Blog: Dave LeggettSelf-fulfilling prophesies

Dave Leggett | 29 January 2009

I did a radio interview earlier with a presenter called Shane on BBC Radio Derby's breakfast show. Toyota's Burnaston car plant (makes the Auris and Avensis) is local to them and they wanted me on for a bit of background to Toyota's confirmation that it is considering introducing a three-day week there, on top of what it is already doing to cut production. He asked some very good questions actually, not unexpected ones, but good ones about the nature of the problems that companies like Toyota are currently experiencing. I pictured the radio listeners trying to get their heads around the global economic downturn and how it's impacting them.

We talked about the global downturn that is affecting everyone in the auto industry and I made the point that Toyota in Britain - just like other Japanese car plants here - exports most of its output to continental Europe and that's the big problem, which is not specific to Toyota or the UK: the European car market - like others around the world - has suddenly collapsed and no-one knows when it's coming back. Sergio Marchionne recently refused to give a forecast for the European car market because of the uncertainties involved.

So where does that leave manufacturers' planning? They are still looking for straws in the wind in terms of where this year's (and 2010's) market is going, but they have to make planning assumptions. Just as Bob Lutz recently said that GM is working on the conservative (realistic?) assumption that this year's US light vehicle market will be 10.5m, although that's not actually a forecast because he noted that it could be anywhere between 10m and 12.5m, so European OEMs will be doing the same.

What will get us all (and I don't just mean the auto industry) out of this increasingly deep hole? Confidence.

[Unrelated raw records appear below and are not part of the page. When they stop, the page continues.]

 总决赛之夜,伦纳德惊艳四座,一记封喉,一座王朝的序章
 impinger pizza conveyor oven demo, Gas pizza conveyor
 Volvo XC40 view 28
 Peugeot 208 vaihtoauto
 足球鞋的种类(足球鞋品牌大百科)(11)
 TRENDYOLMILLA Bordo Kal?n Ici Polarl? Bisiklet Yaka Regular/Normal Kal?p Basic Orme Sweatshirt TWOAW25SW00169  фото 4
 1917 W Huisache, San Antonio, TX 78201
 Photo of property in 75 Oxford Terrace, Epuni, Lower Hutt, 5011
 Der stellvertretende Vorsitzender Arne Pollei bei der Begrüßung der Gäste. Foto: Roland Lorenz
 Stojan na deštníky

Someone, somewhere has to come up with something that leads people to really believe that the worst is well and truly over, that things are going to get better and that the underlying problems are sorted. And also that the banks can be trusted again. Confidence is key.

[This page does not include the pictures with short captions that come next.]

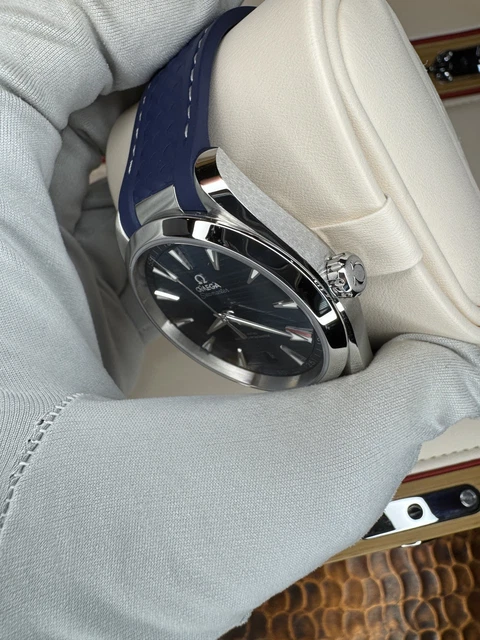 Montre OMEGA Seamaster Aqua Terra 150M 220.12.41.21.03.007 à cadran bleu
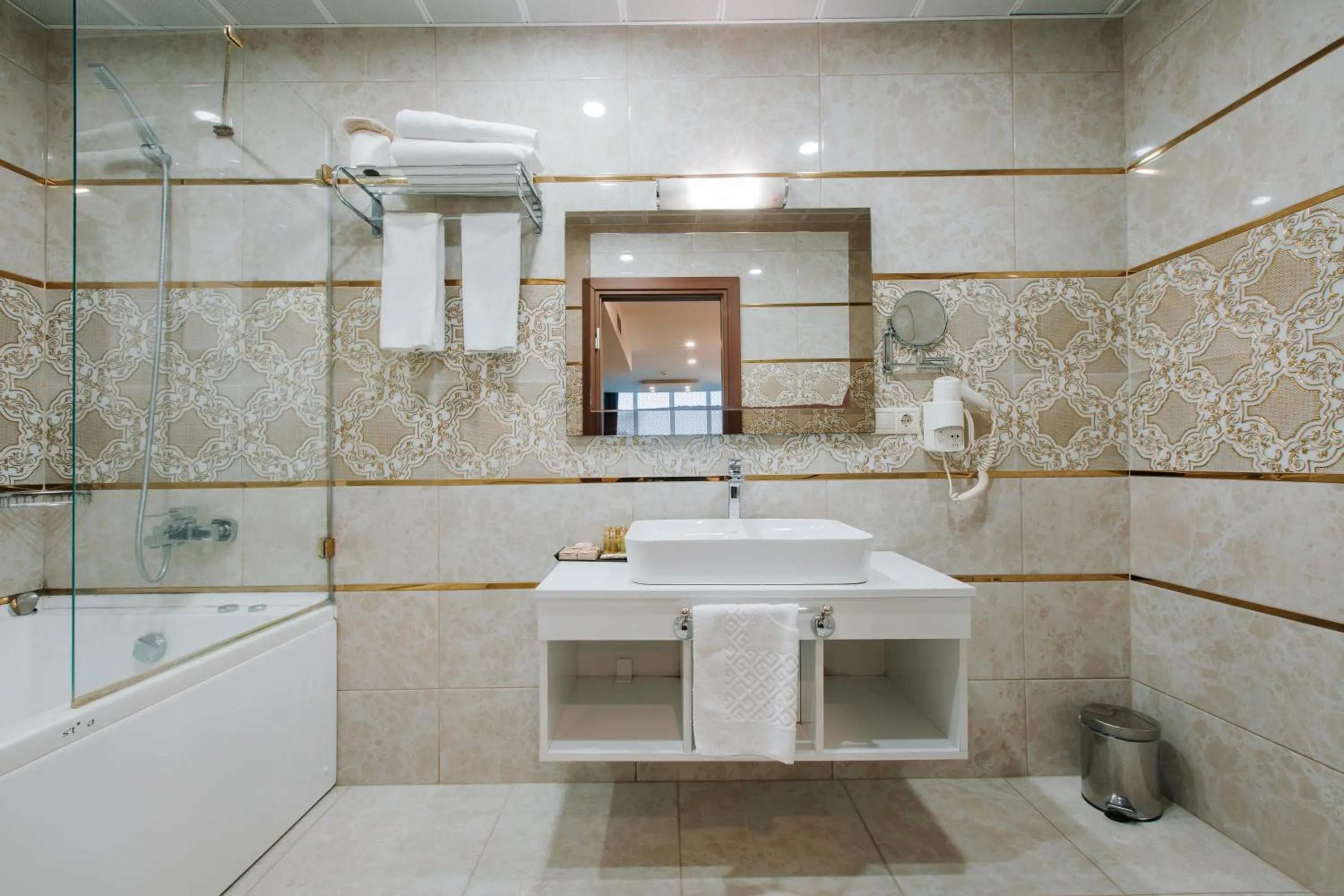 Bathroom in TS Gold Otel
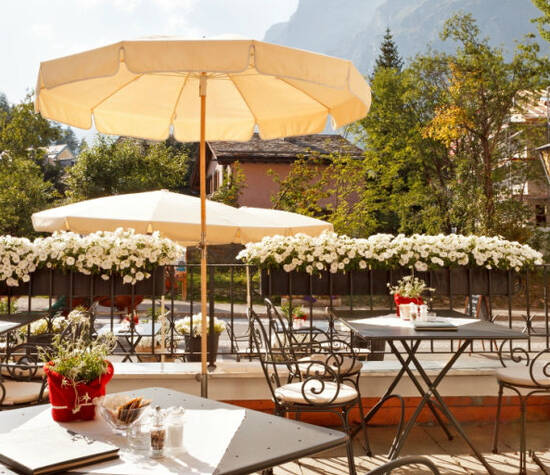 Beispiel: Terrasse, Foto: Hotel Edelweiss.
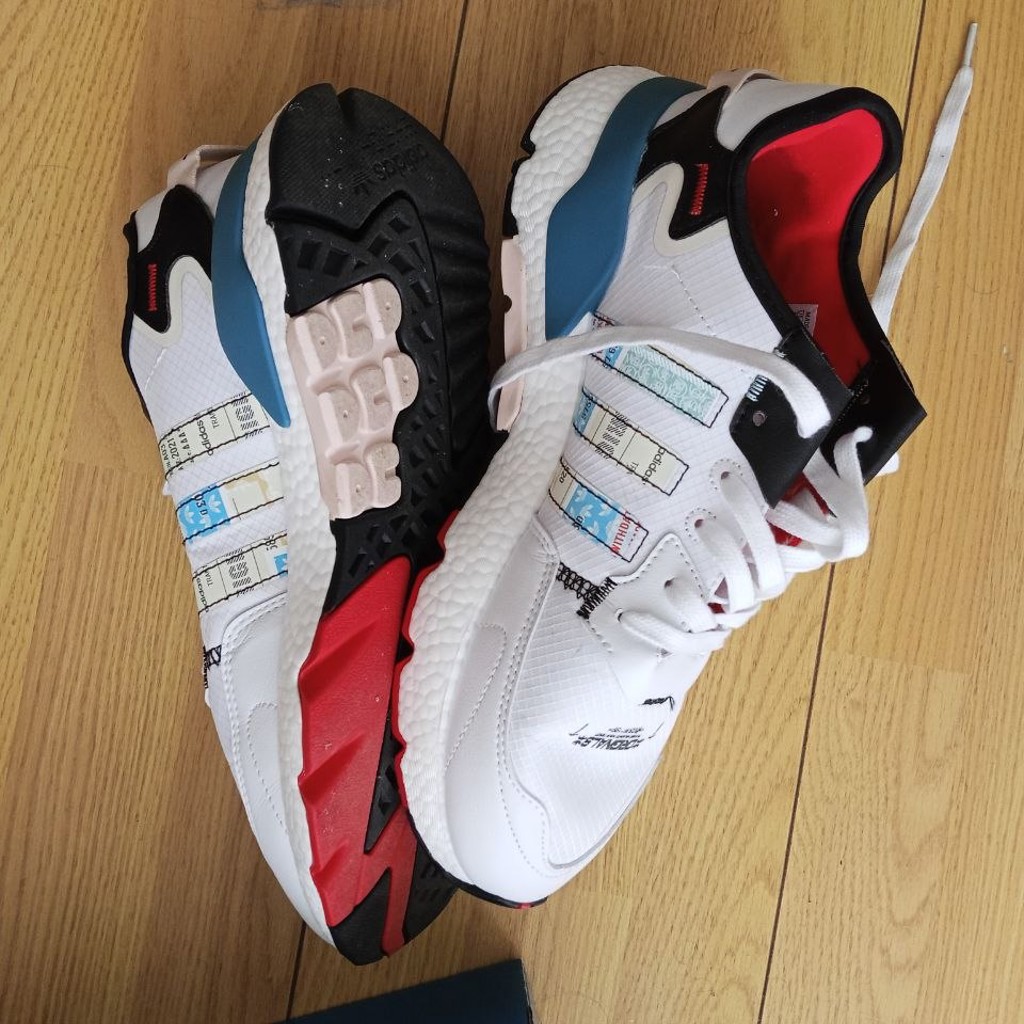 Кроссовки Adidas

Trouble is, all the bad economic news circulating at the moment compounds the downturn as people retrench their spending still further. And asset values keep going down, making the bad debts for banks even badder, stock prices go lower over worries about the financial system and economic growth, confidence is sapped still further, and people spend even less, the IMF says its never been as bad since 1945 and so it goes on. It's a vicious circle. Talking about how bad it is makes it even badder.

It's going to take something a bit more creative than government loan gurantees for companies struggling to stay afloat. And the lack of consensus over the US stimulus isn't good news either. At heart, this a global problem and we still don't really have a sense of it being tackled as such. Or perhaps it has been, but hasn't been properly communicated.

And the meeting of the great and the good in Davos for the World Economic Forum? Don't hold your breath. These are the very people who sailed the ship into this mess and appear to be in a state of shock that it could all turn to custard so quickly. May as well stick Angelina Jolie in charge.